HVO dans le transport lourd : défis et perspectives

Face aux réglementations environnementales de plus en plus strictes, le secteur du transport routier se voit contraint de trouver une alternative au diesel, un carburant fortement émetteur en oxydes d’azote et contributeur au réchauffement climatique. L’essor de son homologue biologique, le HVO, acronyme de Hydrotreated Vegetable Oil, est une porte ouverte vers la décarbonation de ce secteur, ne disposant pas aussi facilement de la solution électrique comme l’automobile. Si le HVO n’était au début disponible qu’auprès de distributeurs agréés, un arrêté gouvernemental de fin juin 2024 vient d’autoriser son déploiement dans les stations-service, un pas en avant pour ce carburant qui se heurte encore à des obstacles techniques et réglementaires.

HVO transport lourd

Le HVO, le diesel renouvelable “vert” entre essor et difficulté

Le HVO est un carburant d’origine biologique chimiquement identique au diesel fossile dont la production repose sur l’hydrogénation à haute pression et haute température en présence d’un catalyseur de graisses animales, de résidus agro-alimentaires et huiles usagées. Il est ainsi dit de la seconde génération : il ne fait pas usage de ressources sollicitées pour la production alimentaire animale ou humaine, évitant ainsi tout conflit d’usage. Pour obtenir ce carburant à l’empreinte carbone considérablement diminuée, il est nécessaire que l’hydrogène utilisé dans le procédé soit généré à partir d’une source d’énergie renouvelable, telle que l’éolien ou le solaire. Sa production se découpe en deux étapes : la purification des matières premières intervient dans un premier temps pour éliminer les impuretés via un raffinage physique. Ce traitement inclut un dégommage enzymatique, une adsorption et une désacidification qui sont couplés à d’autres traitements physiques et thermiques pour éliminer les résidus de chlore, polyéthylène ou encore acides gras. La seconde étape consiste en l’extraction de l’oxygène des matières premières par l’hydrogène, via un processus de raffinage chimique pour obtenir des hydrocarbures. Le produit obtenu est finalement traité pour affiner ses propriétés et accroître sa pureté.

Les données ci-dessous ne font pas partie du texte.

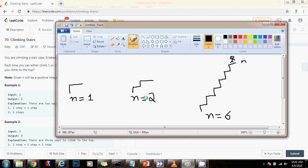If n equals 2, that means there are two stairs. So in how many ways can you get to the top? In two ways. You can either go one step and one step and you are at the top, or you can go two steps directly and you are at the top.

Le HVO représente aujourd’hui une solution de transition concrète dans le paysage énergétique du transport lourd européen. Pour bien comprendre son importance, il faut saisir que ce biocarburant occupe déjà une position significative avec 4 % du parc diesel européen et une production annuelle d’environ 6 millions de tonnes. L’avantage fondamental du HVO réside dans son caractère « drop-in », c’est-à-dire sa compatibilité parfaite avec les moteurs diesel existants. Contrairement aux e-carburants qui nécessitent des adaptations techniques complexes, ou aux véhicules électriques qui imposent un changement complet d’infrastructure, le HVO peut être utilisé immédiatement dans les véhicules actuels sans aucune modification. Cette simplicité d’intégration explique son adoption rapide par les transporteurs qui cherchent à réduire leur empreinte carbone sans bouleverser leurs opérations.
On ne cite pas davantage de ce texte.